Making organizations work if they’re filled with people who don’t believe in the organization, who believe that the “leadership” is only out for themselves and has no mission beyond helping themselves, not even enriching the employees or shareholders, is actually hard. People don’t get inspired by making the c-suite rich. Bureaucrats, knowing they are despised and distrusted by their political matters, and knowing that they aren’t allowed to do their ostensible job, as with the EPA generally not being allowed to protect the environment, the DOJ not being allowed to prosecute powerful monied crooks and the FDA being the slave of drug companies and the whims of politically connected appointees, are hard to move, hard to motivate, hard to get to do anything but the minimum.

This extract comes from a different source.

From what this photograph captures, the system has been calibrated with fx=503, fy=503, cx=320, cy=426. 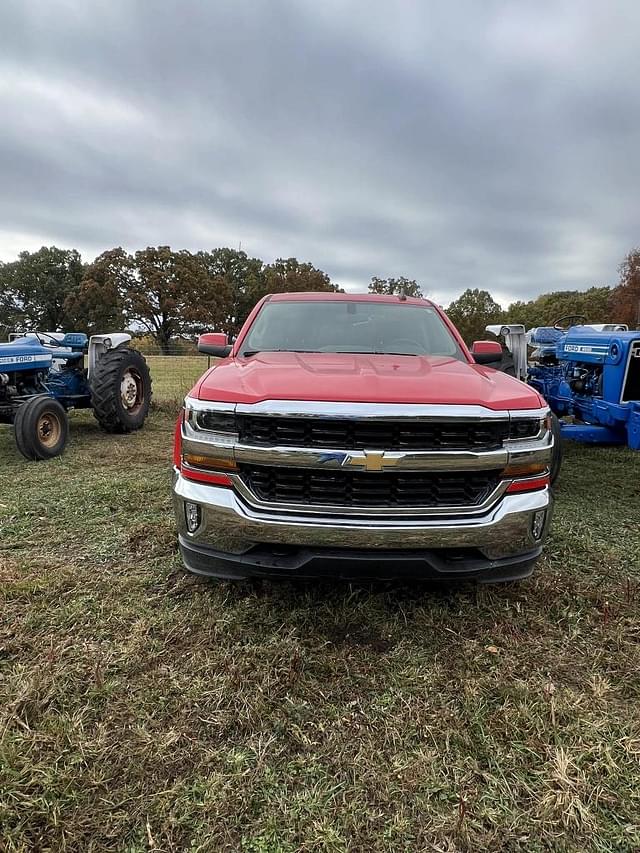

So American leaders, and indeed the leaders of most developed nations think they’re something special. Getting people to do anything, and convincing people to do the wrong thing, when they joined to actually teach, protect the environment, make citizens healthier or actually prosecute crooks is difficult. Being a leader in the West, even though it comes with virtually complete immunity for committing crimes against humanity, violating civil rights, or stealing billions from ordinary citizens, is in many respects a drag. A very very well paying drag, but a drag. Very few people have the necessary flexible morals and ability to motivate employees through coercion required.
So American leaders in specific and Westerners in general think that organizations will fall apart if the very small number of people who can actually lead, stop. But that’s because they think that leading the Taliban, say, is like leading an American company or the American government. They think it requires a soulless prevaricator who takes advantage of and abuses virtually everyone and is still able to get them to, reluctantly, do their jobs.
Functioning organizations aren’t like that. They suck leadership upwards. Virtually everyone is being groomed for leadership and is ready for leadership. They believe in the cause, they know what to do, they’re involved. And they aren’t scared of dying, if they really believe. Oh sure, they’d rather not, but it won’t stop them from stepping up.
So Obama kills and kills and kills and somehow the Taliban is still kicking his ass. Al-Qaeda in whatever country you care to name has its #2 killed every few weeks, and somehow there’s always another one. Because these people believe. There’s always another believer, if it’s a functioning organization, and on it goes.
The declaration of the Haqqani network as terrorists made me laugh. You read about them, and this is what you discover–the founder was a minister in the Taliban government. So, let’s get this straight. His country, which he is a minister in, is invaded, and 10 years later he’s still fighting. And he refuses to negotiate with the US, because hey, he figures he’s winning.
Imagine if the US was invaded, occupied and a puppet government was set up. A cabinet minister escaped, went underground, and set up a resistance network. What would you call him? A terrorist? Sure, if you’re the occupying power. If you’re a citizen? Well, maybe not, eh? Sure he fights nasty, but the nation which kills so many civilians with drones can’t really cast the first stone, can it?
And one day, they’ll probably kill him.
And it won’t make any damn difference.